**Input for this task:**

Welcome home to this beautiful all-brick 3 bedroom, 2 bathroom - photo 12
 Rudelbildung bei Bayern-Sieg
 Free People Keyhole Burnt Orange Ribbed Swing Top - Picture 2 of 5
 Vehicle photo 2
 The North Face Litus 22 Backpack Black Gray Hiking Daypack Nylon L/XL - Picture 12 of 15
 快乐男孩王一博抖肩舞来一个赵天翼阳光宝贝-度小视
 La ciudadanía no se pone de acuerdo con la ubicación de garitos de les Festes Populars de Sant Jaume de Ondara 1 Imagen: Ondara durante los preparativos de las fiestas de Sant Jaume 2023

**Activity:** Return exactly what appears in the records from the line with "Rudelbildung bei Bayern-Sieg" through the final line, and nothing else.

**Response to this task:**
 Rudelbildung bei Bayern-Sieg
 Free People Keyhole Burnt Orange Ribbed Swing Top - Picture 2 of 5
 Vehicle photo 2
 The North Face Litus 22 Backpack Black Gray Hiking Daypack Nylon L/XL - Picture 12 of 15
 快乐男孩王一博抖肩舞来一个赵天翼阳光宝贝-度小视
 La ciudadanía no se pone de acuerdo con la ubicación de garitos de les Festes Populars de Sant Jaume de Ondara 1 Imagen: Ondara durante los preparativos de las fiestas de Sant Jaume 2023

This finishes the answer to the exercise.